Mimpi dan Pesan untuk Kawan Muda

Habiby bermimpi bahwa negara Indonesia kelak tentu bisa menjadi negara yang lebih maju ke depannya tanpa harus kehilangan identitasnya. Untuk kota tercinta, Wonosobo, sedari kecil Habiby bermimpi ingin menjadikan hutan-hutan Wonosobo sebagai destinasi wisata alam yang besar sehingga wisatawan bisa menikmati alam tersebut dengan kereta gantung dan di bawahnya banyak dinosaurus. Kira-kira mirip seperti yang ada di film Jurasic Park. Setelah beranjak dewasa, ia sadar bahwa dinosaurus ternyata sudah punah. Namun, khayalan itu berubah dengan mengganti dinosaurusnya dengan model 3D. Wow, semoga kelak tercapai ya mas!

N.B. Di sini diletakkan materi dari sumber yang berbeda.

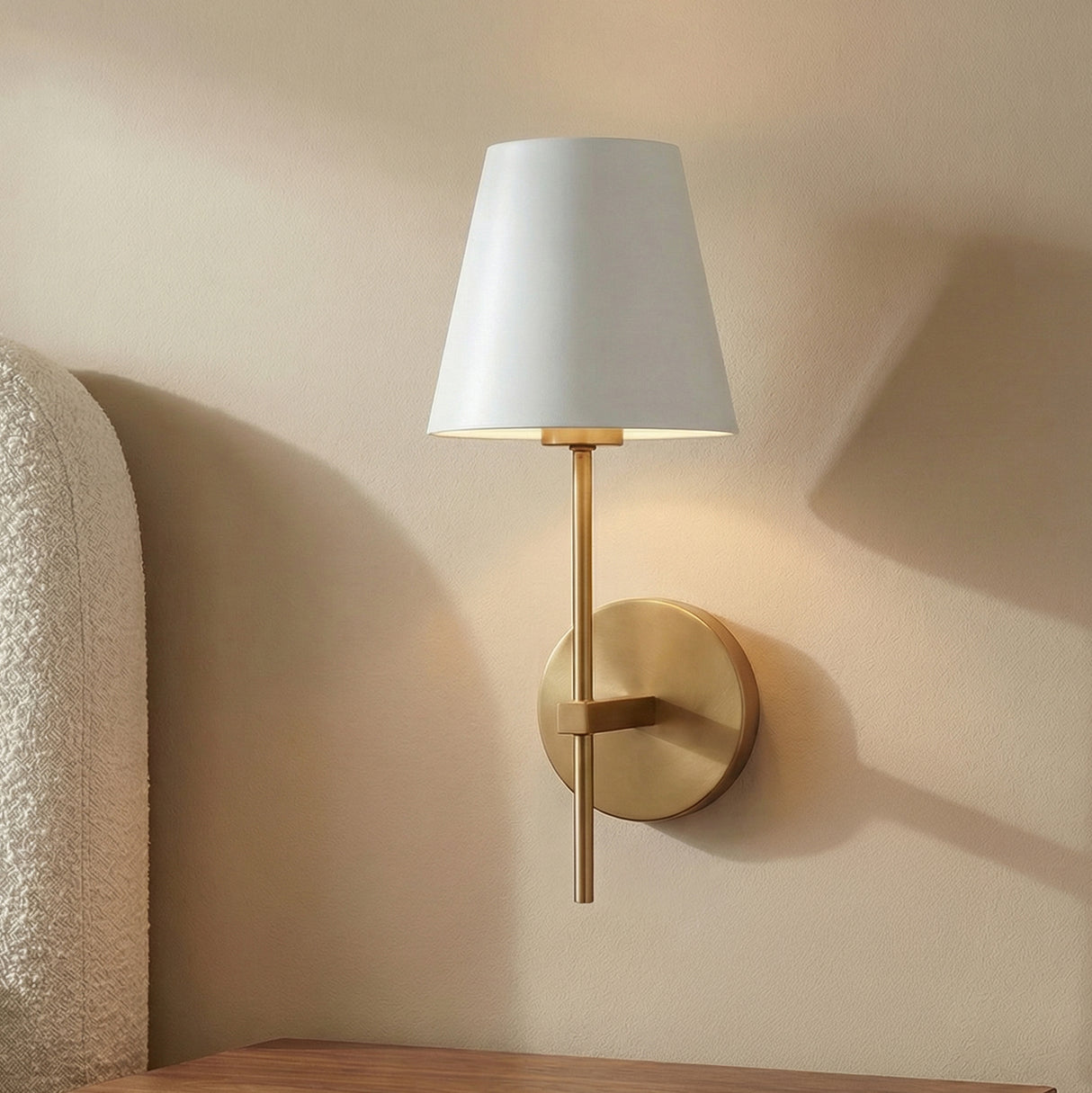 Banks Wall Sconce, White and Brass geometric Wall Sconce in a Transitional Bedroom with a textured headboard and wood nightstand.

Terakhir, kepada kawan muda, terutama di Wonosobo, Habiby berpesan:

“Kita ini orang gunung, jika gelapnya hutan saja takut, jangan pernah bermimpi menjadi apapun.” – Hasim Habiby

Dalam perjalanan menuju tujuan yang ingin kita capai, tentu ada keraguan dan halangan yang selalu menghantui. Semua itu harus kita lawan dengan doa dan usaha yang keras. Do hard, pray well! Kepada Wonosobo Muda, Habiby juga berharap forum ini dapat menjadi wadah tempat berkumpulnya ide anak muda Wonosobo dan terus menginspirasi generasi muda.

Terima kasih atas inspirasinya, mas Habiby!